BEGIN WORKING DATA
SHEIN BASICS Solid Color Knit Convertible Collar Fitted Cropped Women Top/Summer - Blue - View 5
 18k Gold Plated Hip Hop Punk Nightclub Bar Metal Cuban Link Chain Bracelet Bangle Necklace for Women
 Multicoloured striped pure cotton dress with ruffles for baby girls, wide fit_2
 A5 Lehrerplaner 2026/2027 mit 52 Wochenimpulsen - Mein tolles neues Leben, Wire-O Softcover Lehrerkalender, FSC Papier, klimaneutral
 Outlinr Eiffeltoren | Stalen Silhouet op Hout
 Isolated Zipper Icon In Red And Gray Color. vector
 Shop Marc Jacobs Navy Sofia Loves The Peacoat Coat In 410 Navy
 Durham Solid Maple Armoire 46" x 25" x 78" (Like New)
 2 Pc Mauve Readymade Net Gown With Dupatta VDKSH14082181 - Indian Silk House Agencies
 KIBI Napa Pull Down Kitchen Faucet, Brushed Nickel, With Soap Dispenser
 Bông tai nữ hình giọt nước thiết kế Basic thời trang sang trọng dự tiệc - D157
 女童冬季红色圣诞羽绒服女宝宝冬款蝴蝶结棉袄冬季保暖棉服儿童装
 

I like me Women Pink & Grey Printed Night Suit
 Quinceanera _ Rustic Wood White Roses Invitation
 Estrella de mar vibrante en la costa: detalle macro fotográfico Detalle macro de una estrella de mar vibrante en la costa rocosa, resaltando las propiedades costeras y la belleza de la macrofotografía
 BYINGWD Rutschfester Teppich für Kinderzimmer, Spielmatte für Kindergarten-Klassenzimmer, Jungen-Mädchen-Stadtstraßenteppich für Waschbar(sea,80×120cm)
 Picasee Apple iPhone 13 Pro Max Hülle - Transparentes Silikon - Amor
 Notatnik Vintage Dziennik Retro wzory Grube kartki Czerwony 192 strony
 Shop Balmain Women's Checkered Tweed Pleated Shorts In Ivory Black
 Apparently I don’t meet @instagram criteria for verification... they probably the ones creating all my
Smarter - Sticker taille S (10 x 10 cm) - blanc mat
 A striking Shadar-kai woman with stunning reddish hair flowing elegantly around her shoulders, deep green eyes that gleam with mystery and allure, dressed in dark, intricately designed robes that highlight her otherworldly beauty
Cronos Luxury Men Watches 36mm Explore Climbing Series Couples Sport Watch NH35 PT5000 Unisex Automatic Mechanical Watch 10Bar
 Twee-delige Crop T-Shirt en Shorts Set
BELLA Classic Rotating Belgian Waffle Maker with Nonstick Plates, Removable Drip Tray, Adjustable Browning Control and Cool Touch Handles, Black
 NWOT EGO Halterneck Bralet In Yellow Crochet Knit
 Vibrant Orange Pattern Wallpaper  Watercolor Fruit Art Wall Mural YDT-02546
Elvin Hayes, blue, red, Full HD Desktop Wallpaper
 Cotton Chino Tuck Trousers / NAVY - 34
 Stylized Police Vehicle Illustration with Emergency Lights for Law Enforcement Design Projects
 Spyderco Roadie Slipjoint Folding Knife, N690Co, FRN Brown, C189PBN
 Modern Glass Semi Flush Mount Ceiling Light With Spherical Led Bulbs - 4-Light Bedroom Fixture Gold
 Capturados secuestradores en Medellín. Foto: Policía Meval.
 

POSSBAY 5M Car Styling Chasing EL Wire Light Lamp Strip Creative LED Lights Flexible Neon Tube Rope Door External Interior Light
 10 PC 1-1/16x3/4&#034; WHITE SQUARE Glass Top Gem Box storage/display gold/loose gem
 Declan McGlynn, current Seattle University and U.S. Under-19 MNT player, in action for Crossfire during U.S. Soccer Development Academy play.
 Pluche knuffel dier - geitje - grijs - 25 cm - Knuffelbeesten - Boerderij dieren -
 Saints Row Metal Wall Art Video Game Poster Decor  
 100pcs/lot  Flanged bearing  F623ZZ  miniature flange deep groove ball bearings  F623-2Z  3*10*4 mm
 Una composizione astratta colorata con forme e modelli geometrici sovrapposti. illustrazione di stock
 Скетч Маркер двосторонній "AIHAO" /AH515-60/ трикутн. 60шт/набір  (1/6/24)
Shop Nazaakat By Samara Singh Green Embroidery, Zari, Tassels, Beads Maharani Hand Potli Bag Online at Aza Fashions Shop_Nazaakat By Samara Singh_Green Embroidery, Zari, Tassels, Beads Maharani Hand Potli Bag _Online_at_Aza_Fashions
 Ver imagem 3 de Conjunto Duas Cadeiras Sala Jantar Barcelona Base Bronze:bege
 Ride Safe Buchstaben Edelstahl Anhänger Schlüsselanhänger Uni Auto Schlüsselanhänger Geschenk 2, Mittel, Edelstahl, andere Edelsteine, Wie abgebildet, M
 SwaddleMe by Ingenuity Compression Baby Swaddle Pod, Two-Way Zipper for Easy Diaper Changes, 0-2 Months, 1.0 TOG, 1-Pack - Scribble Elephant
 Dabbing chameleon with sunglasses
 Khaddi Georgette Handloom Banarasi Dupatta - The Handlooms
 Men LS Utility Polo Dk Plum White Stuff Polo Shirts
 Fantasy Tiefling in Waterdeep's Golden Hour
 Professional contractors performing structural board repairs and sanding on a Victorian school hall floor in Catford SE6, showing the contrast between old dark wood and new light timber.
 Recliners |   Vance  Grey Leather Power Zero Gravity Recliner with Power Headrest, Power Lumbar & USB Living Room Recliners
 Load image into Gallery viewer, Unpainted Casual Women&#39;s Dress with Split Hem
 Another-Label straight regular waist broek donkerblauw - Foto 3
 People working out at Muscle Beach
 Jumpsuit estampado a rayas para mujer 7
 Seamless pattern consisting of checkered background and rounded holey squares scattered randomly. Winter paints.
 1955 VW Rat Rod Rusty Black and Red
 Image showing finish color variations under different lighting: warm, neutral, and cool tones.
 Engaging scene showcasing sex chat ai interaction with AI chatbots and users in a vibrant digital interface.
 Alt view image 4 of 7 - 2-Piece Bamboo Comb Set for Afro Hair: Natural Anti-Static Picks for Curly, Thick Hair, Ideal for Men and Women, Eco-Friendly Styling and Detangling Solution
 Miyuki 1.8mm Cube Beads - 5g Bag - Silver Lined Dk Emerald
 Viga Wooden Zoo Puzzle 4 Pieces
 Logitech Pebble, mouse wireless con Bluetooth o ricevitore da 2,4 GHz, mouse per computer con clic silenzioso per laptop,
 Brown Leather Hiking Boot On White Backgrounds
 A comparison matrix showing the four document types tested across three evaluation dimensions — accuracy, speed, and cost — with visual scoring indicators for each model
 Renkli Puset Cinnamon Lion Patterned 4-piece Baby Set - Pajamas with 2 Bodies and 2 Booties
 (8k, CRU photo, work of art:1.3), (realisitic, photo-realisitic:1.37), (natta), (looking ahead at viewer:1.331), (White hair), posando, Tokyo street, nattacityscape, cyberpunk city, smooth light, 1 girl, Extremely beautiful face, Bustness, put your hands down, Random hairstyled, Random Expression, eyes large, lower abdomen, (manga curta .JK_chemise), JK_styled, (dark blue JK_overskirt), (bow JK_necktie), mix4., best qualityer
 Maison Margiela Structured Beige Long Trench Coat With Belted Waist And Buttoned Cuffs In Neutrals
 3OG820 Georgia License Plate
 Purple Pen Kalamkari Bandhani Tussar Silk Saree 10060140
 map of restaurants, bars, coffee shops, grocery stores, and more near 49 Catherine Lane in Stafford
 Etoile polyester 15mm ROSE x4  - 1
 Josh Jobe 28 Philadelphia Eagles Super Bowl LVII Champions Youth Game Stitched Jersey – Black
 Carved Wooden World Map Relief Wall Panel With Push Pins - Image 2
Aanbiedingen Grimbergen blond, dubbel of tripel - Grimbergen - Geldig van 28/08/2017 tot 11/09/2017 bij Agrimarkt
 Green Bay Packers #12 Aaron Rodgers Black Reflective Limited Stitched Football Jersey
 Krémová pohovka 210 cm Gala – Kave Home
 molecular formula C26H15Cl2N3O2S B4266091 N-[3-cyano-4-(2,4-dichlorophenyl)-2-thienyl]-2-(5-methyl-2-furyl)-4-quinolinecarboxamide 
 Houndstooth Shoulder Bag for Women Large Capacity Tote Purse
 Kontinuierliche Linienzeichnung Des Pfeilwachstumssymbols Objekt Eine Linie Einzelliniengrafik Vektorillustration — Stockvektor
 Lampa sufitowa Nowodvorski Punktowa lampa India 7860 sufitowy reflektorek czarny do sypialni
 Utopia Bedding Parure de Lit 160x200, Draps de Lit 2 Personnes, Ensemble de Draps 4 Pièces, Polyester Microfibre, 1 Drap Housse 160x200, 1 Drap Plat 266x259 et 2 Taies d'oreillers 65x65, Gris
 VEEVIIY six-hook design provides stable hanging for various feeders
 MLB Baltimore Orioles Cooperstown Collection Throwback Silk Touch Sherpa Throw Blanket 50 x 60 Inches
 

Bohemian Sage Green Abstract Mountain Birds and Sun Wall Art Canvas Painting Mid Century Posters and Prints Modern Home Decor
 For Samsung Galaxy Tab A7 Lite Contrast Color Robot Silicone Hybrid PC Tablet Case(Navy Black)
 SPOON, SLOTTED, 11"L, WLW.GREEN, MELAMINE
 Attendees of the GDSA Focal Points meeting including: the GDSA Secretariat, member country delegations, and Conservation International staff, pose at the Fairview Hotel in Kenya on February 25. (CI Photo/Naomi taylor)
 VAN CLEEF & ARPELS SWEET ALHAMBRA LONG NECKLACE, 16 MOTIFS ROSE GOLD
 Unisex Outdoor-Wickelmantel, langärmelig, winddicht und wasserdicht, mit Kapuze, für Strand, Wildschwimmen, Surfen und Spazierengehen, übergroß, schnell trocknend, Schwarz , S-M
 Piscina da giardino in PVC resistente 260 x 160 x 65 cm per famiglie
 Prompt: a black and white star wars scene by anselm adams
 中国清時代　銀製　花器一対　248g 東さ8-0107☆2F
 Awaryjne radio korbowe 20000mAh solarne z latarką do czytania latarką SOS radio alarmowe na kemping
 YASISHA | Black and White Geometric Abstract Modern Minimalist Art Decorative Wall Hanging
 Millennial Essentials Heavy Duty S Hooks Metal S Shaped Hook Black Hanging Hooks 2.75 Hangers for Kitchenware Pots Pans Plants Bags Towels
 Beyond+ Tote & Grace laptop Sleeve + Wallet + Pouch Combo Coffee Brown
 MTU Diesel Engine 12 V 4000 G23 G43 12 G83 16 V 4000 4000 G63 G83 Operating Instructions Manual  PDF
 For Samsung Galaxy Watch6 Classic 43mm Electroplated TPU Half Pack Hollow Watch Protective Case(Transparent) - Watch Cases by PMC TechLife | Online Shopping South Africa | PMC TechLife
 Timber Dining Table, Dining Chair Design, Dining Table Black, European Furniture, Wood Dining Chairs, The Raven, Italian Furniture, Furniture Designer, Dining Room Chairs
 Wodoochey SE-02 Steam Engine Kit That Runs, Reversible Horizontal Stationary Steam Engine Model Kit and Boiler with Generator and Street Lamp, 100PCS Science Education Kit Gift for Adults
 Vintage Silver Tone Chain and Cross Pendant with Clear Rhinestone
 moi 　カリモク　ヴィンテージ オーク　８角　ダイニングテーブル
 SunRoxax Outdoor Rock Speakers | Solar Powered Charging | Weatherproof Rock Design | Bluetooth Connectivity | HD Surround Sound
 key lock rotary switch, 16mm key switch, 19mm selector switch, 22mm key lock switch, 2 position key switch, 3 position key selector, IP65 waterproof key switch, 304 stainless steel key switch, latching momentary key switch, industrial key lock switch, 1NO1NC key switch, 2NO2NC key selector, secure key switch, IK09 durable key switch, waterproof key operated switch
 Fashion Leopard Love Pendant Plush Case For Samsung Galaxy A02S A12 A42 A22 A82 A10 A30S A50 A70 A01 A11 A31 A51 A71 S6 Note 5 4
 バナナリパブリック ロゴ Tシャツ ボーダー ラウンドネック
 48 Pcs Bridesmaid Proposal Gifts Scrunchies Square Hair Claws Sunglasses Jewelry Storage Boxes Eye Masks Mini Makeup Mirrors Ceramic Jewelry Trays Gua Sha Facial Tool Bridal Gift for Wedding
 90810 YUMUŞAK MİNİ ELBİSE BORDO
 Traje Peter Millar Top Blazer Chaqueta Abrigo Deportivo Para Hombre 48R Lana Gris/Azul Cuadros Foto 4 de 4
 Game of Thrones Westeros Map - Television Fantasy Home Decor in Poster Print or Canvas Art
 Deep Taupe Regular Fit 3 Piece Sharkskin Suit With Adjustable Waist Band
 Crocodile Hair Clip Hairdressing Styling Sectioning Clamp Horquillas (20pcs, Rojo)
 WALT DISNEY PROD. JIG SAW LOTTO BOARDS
END WORKING DATA
**WHAT YOU HAVE TO DO**. Restate the records above verbatim up to and including the line containing "Isolated Zipper Icon".

**RESULT FOR THIS TASK**.
SHEIN BASICS Solid Color Knit Convertible Collar Fitted Cropped Women Top/Summer - Blue - View 5
 18k Gold Plated Hip Hop Punk Nightclub Bar Metal Cuban Link Chain Bracelet Bangle Necklace for Women
 Multicoloured striped pure cotton dress with ruffles for baby girls, wide fit_2
 A5 Lehrerplaner 2026/2027 mit 52 Wochenimpulsen - Mein tolles neues Leben, Wire-O Softcover Lehrerkalender, FSC Papier, klimaneutral
 Outlinr Eiffeltoren | Stalen Silhouet op Hout
 Isolated Zipper Icon In Red And Gray Color. vector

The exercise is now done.